- INFORMATION PROVIDED

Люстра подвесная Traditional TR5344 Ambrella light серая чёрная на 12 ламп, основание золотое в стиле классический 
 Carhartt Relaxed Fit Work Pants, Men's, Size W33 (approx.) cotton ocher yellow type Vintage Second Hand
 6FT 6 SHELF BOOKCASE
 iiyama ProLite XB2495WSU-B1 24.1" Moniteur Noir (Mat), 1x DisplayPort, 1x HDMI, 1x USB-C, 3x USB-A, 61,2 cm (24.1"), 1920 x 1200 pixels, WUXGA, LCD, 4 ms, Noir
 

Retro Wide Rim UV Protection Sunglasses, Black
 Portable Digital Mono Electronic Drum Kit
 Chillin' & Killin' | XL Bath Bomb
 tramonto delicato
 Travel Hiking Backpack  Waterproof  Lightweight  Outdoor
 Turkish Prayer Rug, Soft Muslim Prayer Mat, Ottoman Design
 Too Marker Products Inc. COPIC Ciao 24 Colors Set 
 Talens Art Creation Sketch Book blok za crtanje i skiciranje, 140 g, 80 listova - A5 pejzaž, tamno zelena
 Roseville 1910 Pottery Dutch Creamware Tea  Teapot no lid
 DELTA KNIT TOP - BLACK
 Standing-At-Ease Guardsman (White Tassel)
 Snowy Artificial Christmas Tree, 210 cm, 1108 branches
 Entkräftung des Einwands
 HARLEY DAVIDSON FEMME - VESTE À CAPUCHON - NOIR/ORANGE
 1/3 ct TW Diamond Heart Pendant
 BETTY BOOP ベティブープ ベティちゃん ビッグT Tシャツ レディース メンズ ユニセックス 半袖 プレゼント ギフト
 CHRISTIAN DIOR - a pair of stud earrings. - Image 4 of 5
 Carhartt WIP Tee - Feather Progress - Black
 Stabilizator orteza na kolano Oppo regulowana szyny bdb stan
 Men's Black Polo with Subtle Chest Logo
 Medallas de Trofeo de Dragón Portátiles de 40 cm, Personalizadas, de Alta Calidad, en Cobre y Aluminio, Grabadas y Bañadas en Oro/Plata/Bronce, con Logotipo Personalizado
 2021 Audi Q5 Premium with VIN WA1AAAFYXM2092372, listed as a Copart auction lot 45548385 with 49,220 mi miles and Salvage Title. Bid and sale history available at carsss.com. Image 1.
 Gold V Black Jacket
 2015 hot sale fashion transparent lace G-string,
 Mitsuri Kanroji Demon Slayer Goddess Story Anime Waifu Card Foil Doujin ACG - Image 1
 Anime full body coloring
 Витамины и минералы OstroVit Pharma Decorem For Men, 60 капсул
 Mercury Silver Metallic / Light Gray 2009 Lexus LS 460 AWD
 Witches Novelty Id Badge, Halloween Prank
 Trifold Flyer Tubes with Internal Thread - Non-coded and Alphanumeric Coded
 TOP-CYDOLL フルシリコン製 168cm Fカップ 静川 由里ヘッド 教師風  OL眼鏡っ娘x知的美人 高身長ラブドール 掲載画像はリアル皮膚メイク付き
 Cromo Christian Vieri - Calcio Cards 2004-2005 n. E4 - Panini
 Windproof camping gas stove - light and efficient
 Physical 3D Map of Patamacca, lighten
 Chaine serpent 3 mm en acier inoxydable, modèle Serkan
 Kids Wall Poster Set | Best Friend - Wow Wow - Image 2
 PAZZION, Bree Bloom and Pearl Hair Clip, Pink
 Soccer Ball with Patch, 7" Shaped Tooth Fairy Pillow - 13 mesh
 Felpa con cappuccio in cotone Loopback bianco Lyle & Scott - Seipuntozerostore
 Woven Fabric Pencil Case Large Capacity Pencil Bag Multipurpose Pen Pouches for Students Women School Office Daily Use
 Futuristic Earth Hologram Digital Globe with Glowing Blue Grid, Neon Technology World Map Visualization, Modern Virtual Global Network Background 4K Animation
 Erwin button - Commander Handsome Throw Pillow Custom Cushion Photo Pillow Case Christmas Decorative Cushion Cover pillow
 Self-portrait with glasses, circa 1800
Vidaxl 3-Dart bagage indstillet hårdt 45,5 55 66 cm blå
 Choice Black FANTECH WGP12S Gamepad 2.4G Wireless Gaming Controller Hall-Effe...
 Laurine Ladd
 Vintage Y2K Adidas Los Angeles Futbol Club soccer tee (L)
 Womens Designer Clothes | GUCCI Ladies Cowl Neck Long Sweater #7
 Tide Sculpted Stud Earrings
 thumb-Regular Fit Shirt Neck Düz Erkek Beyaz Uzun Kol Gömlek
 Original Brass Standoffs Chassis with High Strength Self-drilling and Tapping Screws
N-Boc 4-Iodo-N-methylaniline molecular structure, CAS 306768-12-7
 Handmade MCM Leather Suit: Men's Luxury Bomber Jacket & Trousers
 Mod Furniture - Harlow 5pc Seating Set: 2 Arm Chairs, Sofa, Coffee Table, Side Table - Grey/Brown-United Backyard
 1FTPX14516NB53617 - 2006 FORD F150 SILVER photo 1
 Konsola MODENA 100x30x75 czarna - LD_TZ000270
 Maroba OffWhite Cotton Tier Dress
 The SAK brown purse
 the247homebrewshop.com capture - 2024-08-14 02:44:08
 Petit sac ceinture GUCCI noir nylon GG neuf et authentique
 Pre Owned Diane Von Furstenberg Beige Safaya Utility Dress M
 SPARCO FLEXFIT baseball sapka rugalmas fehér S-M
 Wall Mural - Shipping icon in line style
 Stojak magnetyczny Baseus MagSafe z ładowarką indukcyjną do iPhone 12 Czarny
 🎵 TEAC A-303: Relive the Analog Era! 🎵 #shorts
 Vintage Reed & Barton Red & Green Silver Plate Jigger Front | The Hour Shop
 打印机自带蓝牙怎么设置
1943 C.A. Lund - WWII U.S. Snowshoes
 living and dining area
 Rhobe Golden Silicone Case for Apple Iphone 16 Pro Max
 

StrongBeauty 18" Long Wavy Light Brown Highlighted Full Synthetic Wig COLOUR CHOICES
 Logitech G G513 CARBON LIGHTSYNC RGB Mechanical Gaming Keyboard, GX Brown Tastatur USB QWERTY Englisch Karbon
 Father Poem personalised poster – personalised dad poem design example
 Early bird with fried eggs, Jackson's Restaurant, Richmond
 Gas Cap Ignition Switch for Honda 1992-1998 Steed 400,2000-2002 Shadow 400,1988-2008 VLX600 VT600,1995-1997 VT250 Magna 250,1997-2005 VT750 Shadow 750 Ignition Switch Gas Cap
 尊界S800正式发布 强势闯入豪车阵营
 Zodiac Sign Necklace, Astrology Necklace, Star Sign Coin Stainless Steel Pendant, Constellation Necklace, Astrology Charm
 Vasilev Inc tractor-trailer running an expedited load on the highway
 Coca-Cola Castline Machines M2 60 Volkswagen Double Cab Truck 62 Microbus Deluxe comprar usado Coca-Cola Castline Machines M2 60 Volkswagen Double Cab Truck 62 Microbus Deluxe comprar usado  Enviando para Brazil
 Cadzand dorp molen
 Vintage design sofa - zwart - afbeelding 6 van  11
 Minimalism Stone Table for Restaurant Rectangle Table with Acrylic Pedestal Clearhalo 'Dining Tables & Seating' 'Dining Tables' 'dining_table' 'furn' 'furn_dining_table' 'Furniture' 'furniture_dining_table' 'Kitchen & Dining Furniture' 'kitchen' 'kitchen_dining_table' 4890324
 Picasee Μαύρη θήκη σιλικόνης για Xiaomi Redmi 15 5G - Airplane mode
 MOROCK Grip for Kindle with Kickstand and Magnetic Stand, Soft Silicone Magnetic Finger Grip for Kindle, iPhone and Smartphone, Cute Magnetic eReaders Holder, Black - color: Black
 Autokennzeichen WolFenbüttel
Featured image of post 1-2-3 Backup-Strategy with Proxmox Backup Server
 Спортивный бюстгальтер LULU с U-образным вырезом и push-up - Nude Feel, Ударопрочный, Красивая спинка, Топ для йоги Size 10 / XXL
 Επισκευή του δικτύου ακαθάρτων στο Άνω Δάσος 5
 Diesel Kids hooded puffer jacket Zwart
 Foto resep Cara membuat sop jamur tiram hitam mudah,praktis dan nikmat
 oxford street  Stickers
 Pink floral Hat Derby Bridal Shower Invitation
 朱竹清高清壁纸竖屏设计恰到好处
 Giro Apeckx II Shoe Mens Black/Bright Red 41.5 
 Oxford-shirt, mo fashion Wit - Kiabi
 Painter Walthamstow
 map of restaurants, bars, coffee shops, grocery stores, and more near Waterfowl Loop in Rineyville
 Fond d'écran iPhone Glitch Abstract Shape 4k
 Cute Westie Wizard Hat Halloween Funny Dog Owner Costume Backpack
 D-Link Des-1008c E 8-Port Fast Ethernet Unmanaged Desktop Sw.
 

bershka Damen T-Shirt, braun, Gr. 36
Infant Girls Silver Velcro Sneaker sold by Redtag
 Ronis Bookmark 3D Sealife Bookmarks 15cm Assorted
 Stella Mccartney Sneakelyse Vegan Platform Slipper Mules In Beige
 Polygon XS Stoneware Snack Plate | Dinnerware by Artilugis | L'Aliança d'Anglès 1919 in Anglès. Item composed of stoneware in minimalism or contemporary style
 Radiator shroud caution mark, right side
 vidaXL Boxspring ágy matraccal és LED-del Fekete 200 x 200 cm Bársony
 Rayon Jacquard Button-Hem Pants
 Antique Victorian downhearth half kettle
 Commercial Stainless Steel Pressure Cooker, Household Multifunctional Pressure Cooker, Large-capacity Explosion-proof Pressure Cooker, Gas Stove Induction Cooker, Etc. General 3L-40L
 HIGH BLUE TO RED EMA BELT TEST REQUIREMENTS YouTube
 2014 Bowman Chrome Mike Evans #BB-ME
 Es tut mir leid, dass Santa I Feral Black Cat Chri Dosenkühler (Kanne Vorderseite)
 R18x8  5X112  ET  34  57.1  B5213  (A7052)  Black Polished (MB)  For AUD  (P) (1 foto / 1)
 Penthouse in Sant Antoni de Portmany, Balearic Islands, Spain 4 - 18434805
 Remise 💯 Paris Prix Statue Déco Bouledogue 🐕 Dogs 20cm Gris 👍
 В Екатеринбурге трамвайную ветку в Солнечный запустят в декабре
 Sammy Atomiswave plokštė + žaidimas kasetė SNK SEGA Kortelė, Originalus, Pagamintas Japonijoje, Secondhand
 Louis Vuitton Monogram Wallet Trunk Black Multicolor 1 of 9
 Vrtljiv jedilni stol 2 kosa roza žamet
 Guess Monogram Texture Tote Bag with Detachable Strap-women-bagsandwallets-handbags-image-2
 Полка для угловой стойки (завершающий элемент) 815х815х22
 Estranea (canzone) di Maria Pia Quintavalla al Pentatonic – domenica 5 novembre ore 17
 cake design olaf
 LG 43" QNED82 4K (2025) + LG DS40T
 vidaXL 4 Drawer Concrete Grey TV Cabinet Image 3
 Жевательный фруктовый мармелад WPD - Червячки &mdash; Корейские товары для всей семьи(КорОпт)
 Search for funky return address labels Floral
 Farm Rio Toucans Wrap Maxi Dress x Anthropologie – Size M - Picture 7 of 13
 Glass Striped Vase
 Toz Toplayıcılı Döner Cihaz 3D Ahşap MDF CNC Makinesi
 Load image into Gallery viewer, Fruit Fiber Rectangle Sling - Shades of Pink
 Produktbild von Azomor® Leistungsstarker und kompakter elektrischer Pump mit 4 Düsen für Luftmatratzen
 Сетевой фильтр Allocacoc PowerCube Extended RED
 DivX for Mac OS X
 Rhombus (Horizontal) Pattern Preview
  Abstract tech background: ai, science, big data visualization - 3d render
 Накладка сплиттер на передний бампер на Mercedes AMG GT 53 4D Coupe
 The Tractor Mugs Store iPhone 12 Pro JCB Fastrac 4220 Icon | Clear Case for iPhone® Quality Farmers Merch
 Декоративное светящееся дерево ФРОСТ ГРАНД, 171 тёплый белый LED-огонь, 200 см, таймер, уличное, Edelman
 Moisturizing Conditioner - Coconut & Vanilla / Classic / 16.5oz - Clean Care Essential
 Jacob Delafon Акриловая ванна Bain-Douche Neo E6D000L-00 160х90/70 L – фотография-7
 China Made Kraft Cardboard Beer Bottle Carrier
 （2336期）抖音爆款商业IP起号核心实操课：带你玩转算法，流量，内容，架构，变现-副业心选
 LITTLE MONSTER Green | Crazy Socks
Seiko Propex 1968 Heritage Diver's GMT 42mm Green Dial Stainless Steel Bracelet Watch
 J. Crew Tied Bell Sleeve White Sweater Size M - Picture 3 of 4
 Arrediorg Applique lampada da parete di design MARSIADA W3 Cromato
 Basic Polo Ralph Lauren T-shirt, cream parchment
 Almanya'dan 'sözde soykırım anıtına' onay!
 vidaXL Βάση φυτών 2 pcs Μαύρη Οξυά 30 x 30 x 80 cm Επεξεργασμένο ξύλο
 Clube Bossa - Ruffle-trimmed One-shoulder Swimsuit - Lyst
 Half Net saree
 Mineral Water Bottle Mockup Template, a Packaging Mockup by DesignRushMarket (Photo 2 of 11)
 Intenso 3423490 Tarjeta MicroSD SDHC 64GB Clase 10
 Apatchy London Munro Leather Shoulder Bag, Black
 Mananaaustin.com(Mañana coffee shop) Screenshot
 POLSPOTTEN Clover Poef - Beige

- YOUR OBJECTIVE
Among the records above, a stretch begins at the line containing "2014 Bowman Chrome Mike Evans #BB-ME" and ends at the line containing "Жевательный фруктовый мармелад". Restate that stretch word for word, and nothing else.

- TASK RESULT
 2014 Bowman Chrome Mike Evans #BB-ME
 Es tut mir leid, dass Santa I Feral Black Cat Chri Dosenkühler (Kanne Vorderseite)
 R18x8  5X112  ET  34  57.1  B5213  (A7052)  Black Polished (MB)  For AUD  (P) (1 foto / 1)
 Penthouse in Sant Antoni de Portmany, Balearic Islands, Spain 4 - 18434805
 Remise 💯 Paris Prix Statue Déco Bouledogue 🐕 Dogs 20cm Gris 👍
 В Екатеринбурге трамвайную ветку в Солнечный запустят в декабре
 Sammy Atomiswave plokštė + žaidimas kasetė SNK SEGA Kortelė, Originalus, Pagamintas Japonijoje, Secondhand
 Louis Vuitton Monogram Wallet Trunk Black Multicolor 1 of 9
 Vrtljiv jedilni stol 2 kosa roza žamet
 Guess Monogram Texture Tote Bag with Detachable Strap-women-bagsandwallets-handbags-image-2
 Полка для угловой стойки (завершающий элемент) 815х815х22
 Estranea (canzone) di Maria Pia Quintavalla al Pentatonic – domenica 5 novembre ore 17
 cake design olaf
 LG 43" QNED82 4K (2025) + LG DS40T
 vidaXL 4 Drawer Concrete Grey TV Cabinet Image 3
 Жевательный фруктовый мармелад WPD - Червячки &mdash; Корейские товары для всей семьи(КорОпт)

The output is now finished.